→ **REQUIRED WORK**
Using the data below, output a verbatim copy of the lines between the one holding "I3 Champagner-Brillant-Silberring" and the one holding "Punk Rave Lilith Black Cape 6", inclusive, without any pictures.

→ **RECORDS**
····················

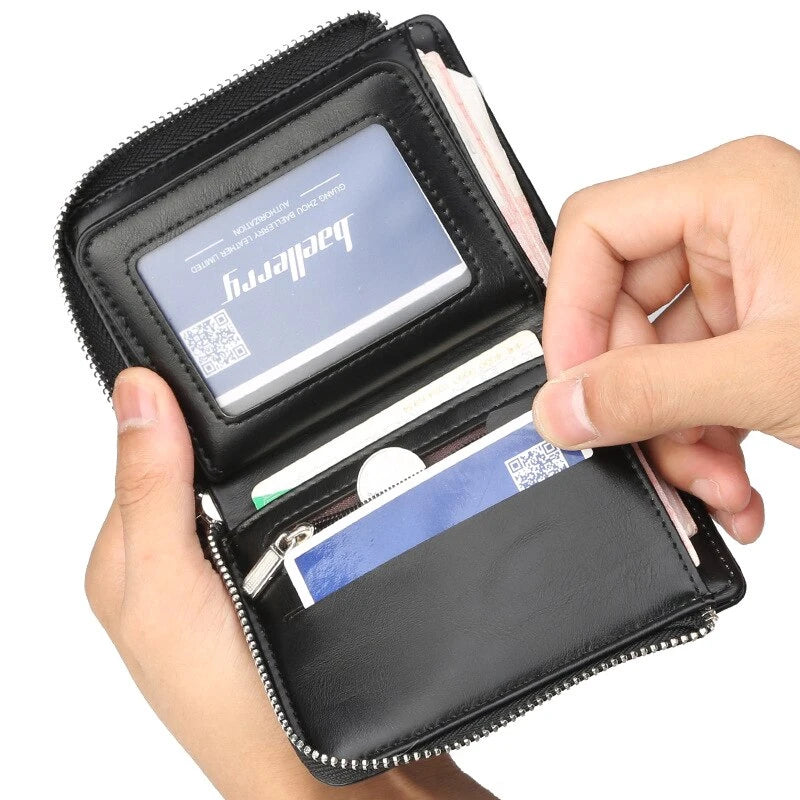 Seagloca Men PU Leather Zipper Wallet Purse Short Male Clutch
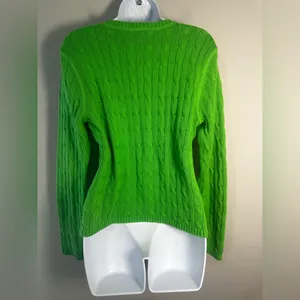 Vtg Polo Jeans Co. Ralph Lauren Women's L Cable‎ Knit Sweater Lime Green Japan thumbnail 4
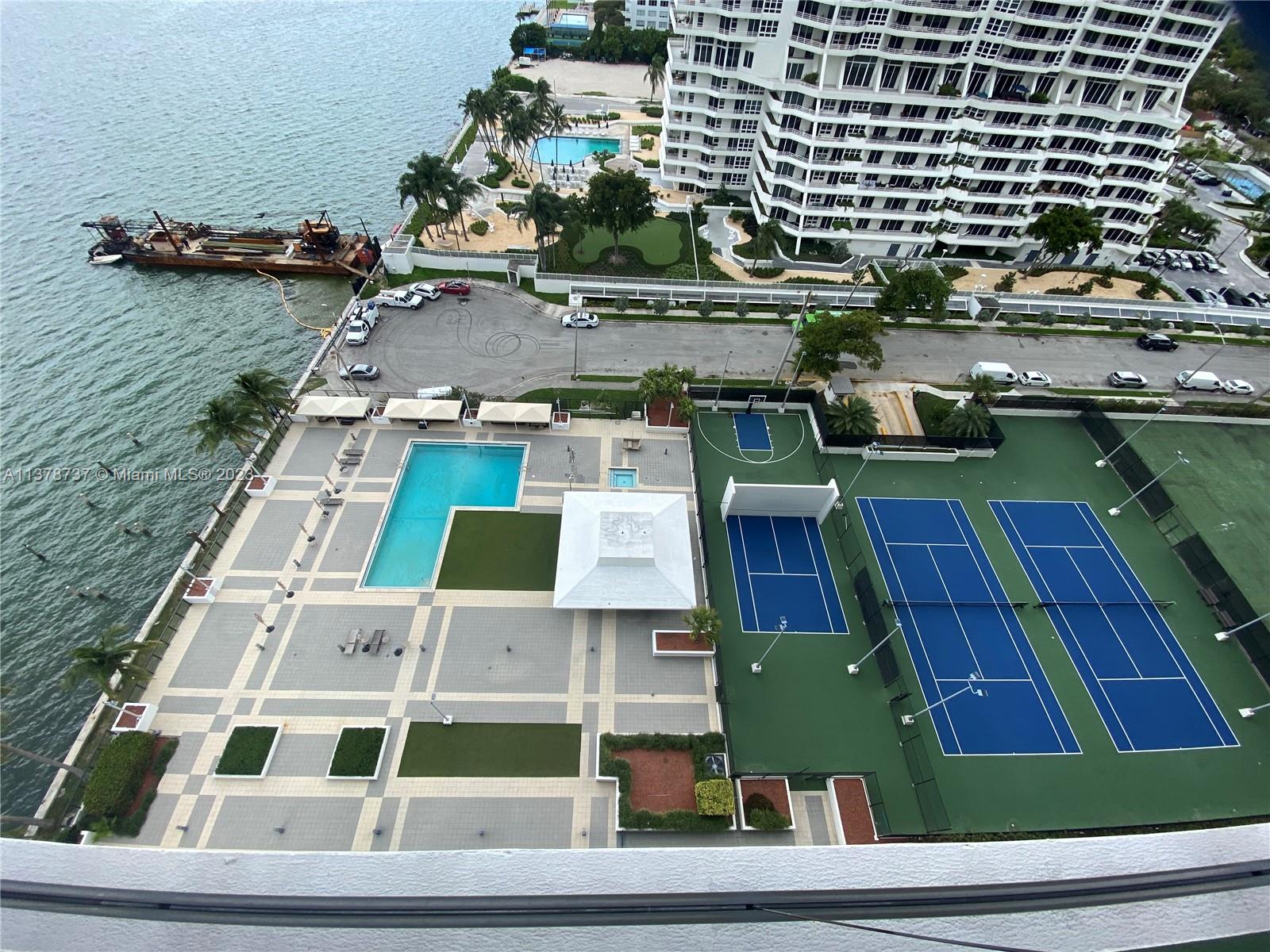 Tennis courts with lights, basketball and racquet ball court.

····················

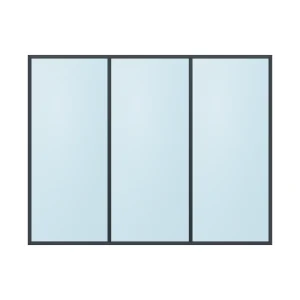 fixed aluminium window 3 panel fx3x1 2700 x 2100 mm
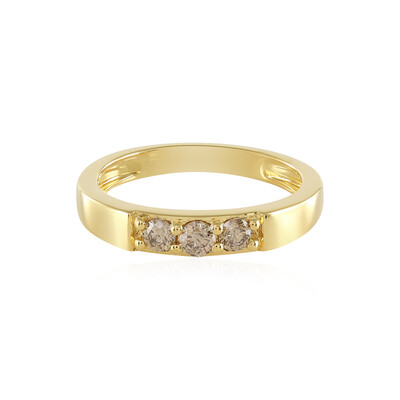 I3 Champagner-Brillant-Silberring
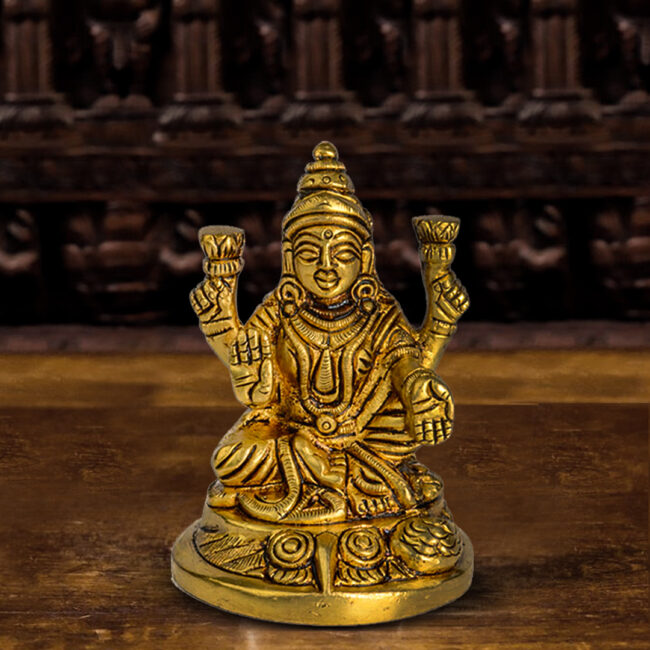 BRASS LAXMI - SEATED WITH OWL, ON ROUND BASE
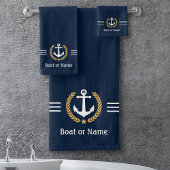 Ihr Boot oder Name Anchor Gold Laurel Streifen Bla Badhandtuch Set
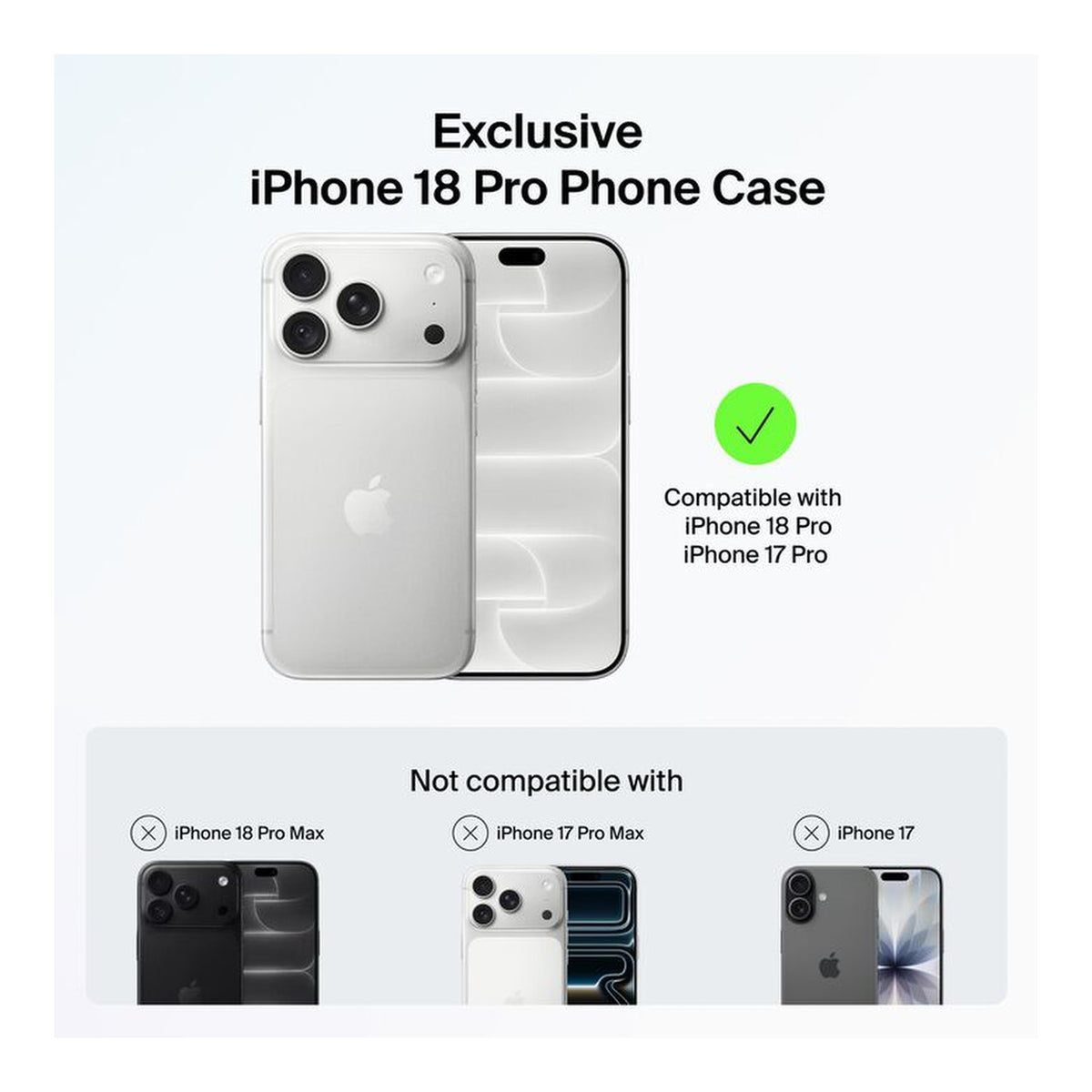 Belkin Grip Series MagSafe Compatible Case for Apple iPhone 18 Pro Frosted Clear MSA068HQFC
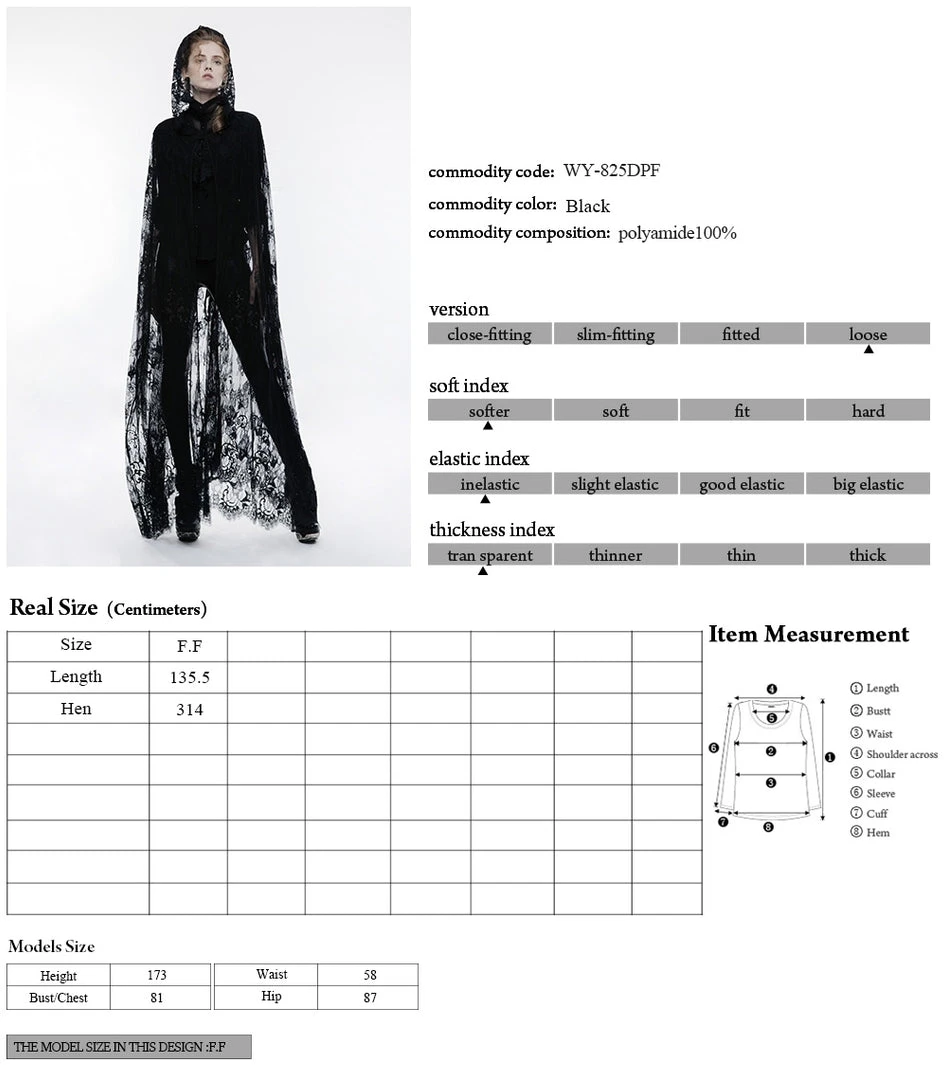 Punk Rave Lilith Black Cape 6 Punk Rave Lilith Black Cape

····················

→ **EXERCISE RESPONSE**
 I3 Champagner-Brillant-Silberring
 BRASS LAXMI - SEATED WITH OWL, ON ROUND BASE
 Ihr Boot oder Name Anchor Gold Laurel Streifen Bla Badhandtuch Set
 Belkin Grip Series MagSafe Compatible Case for Apple iPhone 18 Pro Frosted Clear MSA068HQFC
 Punk Rave Lilith Black Cape 6 Punk Rave Lilith Black Cape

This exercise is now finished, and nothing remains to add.